Era indispensabile fare i conti con i fatti e la memoria di quanto era accaduto, unica via per cercare una sorta di riappacificazione a livello personale e collettivo. La guerra civile sarebbe potuta essere l’altra strada che il popolo sudafricano rischiava di imboccare. Questo ingrato ed immane compito fu raccolto da due premi Nobel per la pace, il nuovo presidente Nelson Mandela e l’arcivescovo Desmond Tutu.
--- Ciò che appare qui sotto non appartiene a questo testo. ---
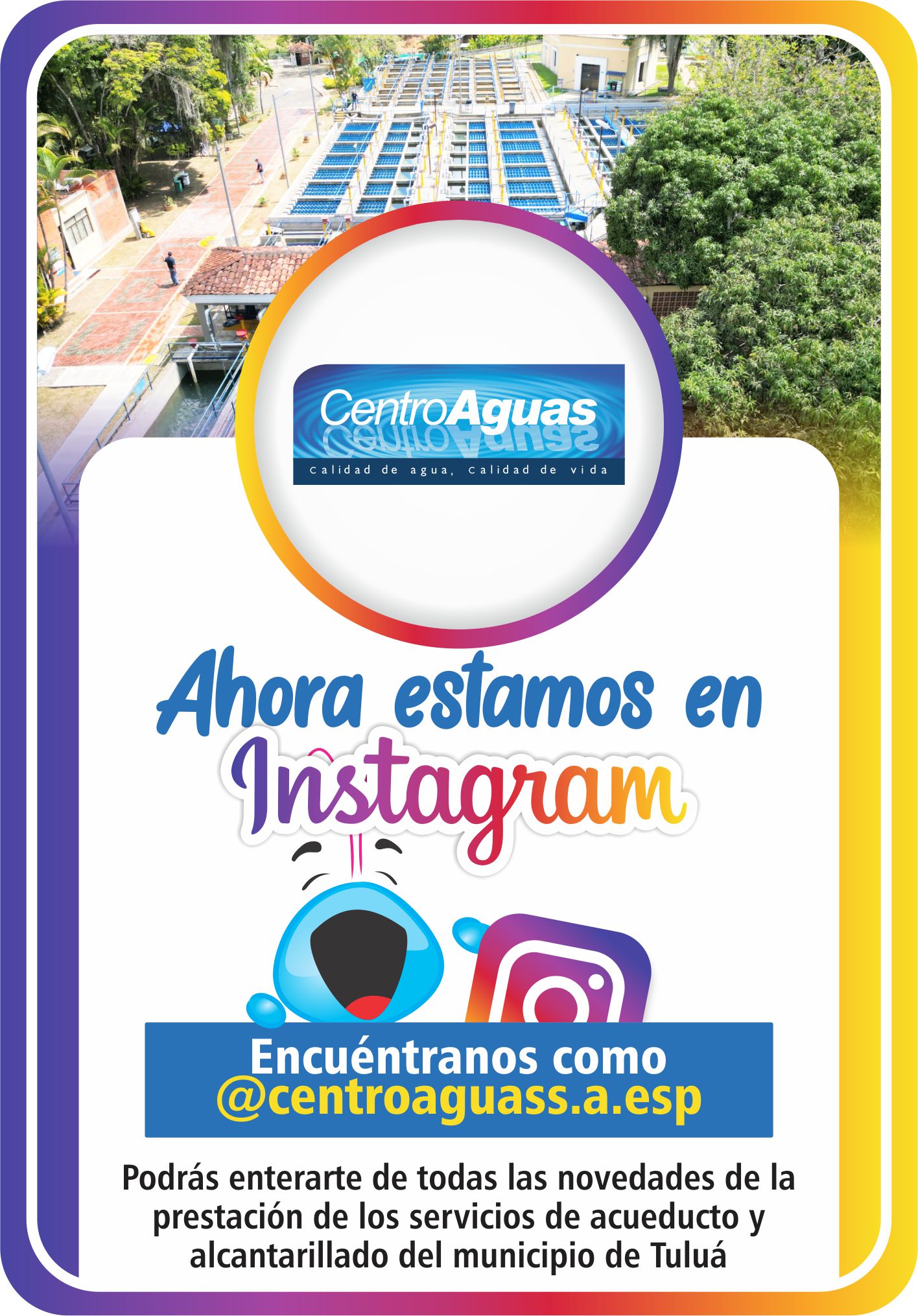 Ahora estamos en Instagram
Nacque la Trc (Truth and Reconciliation Commission), una commissione che mise a confronto vittime e carnefici e pose alla base la potenza della verità, dell’ascolto, della testimonianza.
«Perdonare e riconciliarsi – scrive Desmond Tutu – non significa far finta che le cose siano diverse da quelle che sono. Una vera riconciliazione può avvenire soltanto mettendo allo scoperto i propri sentimenti: la meschinità, la violenza, il dolore, la degradazione… la verità».
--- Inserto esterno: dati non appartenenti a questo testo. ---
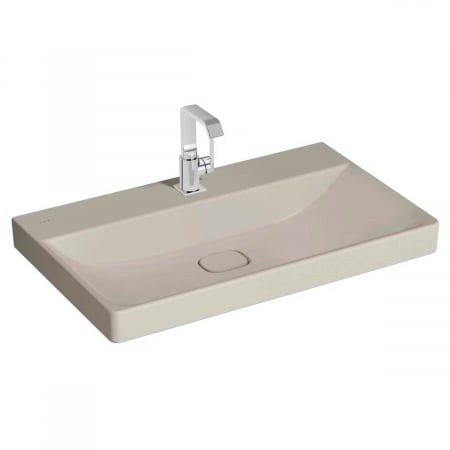Lavoare - Lavoar / chiuveta baie standard 80cm cu orificiu pentru baterie, fara orificiul preaplin | 7527B020-0041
Il perdono non è quindi sinonimo di dimenticanza e neppure di impunità, anzi il perdono ha necessità di ricordare, altrimenti arrecherebbe una seconda offesa ed umiliazione a chi già è stato vittima. È la memoria che attiva una relazione col passato e così può generare il futuro. Non è possibile cambiare il passato, ma si può cambiare lo sguardo su di esso, i significati che gli si attribuiscono. Il perdono implica perciò la verità e la memoria. È la ricostruzione di una memoria per raggiungere una verità più ricca, intensa ed intima. Come si può immaginare che basti chiudere gli occhi sui torti, i conflitti, la tragicità dei delitti o sulla violenza? Ma come ristabilire, rigenerare, rammendare? Come è possibile?
Il perdono dà un futuro alla memoria e dice della non riducibilità di ciascun uomo ai propri errori (Paul Ricoeur direbbe «Tu vali molto di più delle tue azioni»), offre la possibilità di un cammino impervio e complesso, che non sempre riesce a realizzarsi e giungere alla meta, ma che può iniziare a sanare la ferita personale ed aprire ad una nuova, precedentemente impensabile, opportunità di comprensione e consapevolezza di sé e della vita.
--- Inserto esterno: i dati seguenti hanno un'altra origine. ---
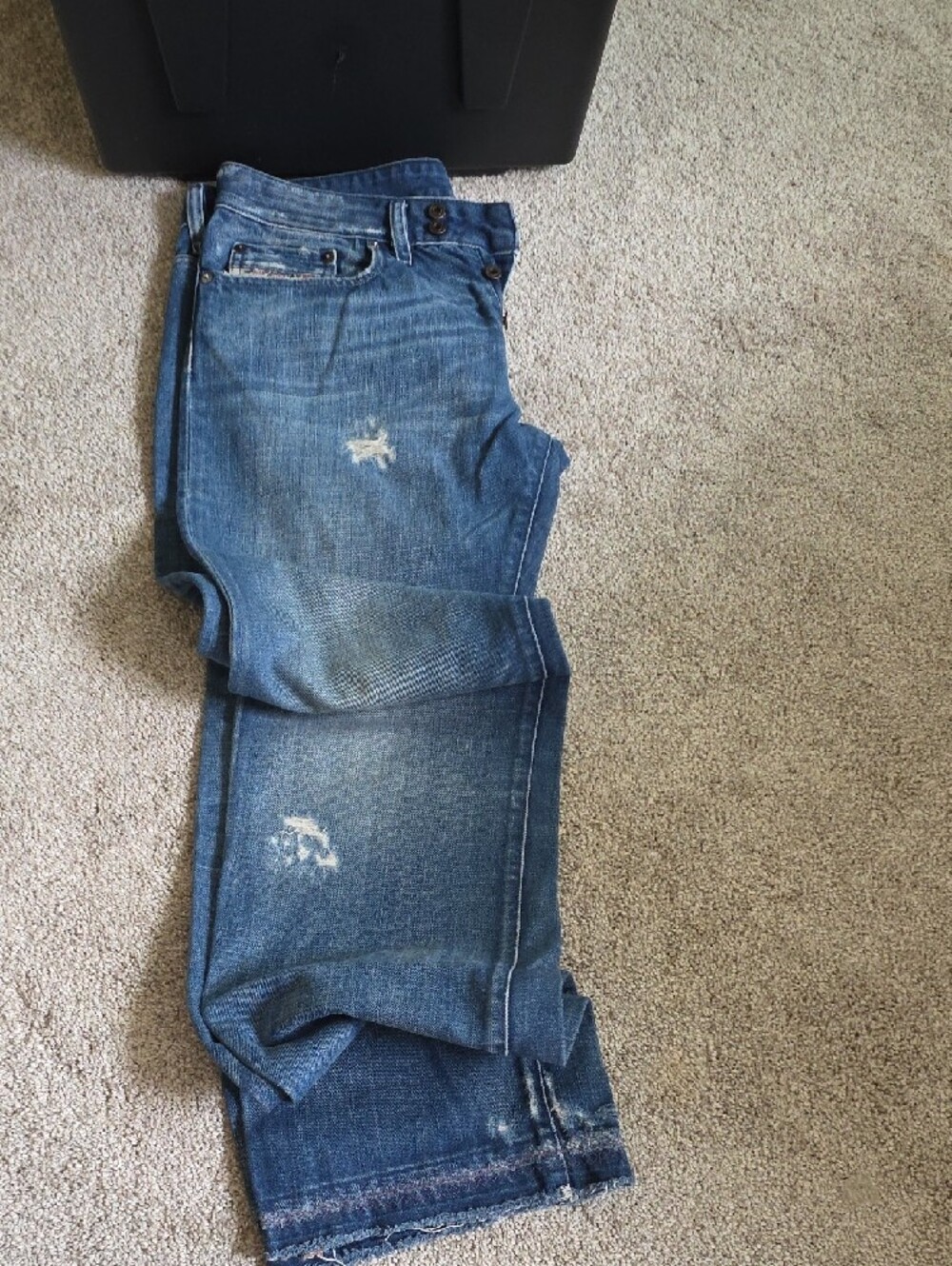 Diesel Men's Indigo Blue Straight Jeans RETRO 2003 - Picture 5 of 6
L’idea di riconciliazione poi amplia ancora di più il concetto di coscienza e si apre alla ricostruzione della relazione con l’altro e gli altri. La giustizia diviene allora curare ed educare la potenza del racconto, del dolore che si modella in parola, del sentirsi e farsi ascoltare, della storia che tenta di mettere in ordine i vari frammenti feriti, le schegge affilate e dolorose, gli inganni, le falsità, le distorsioni e le immancabili manipolazioni.
Ma, al di là della giustizia, ne va del rispetto di sé e degli altri. In questo numero troverete delle storie e delle testimonianze che, senza la pretesa di dire tutta la verità sul perdono, narrano di strade possibili e umanamente coraggiose.
Sempre Paul Ricoeur, in una intervista del 2010, affermava: «Si tratta dunque di un’esperienza di reciprocità straordinariamente difficile e a caro prezzo. È un lutto, perché nel perdono abbiamo qualcosa da perdere. Del resto è molto evangelico: Chi vuole salvare la propria vita, la perderà».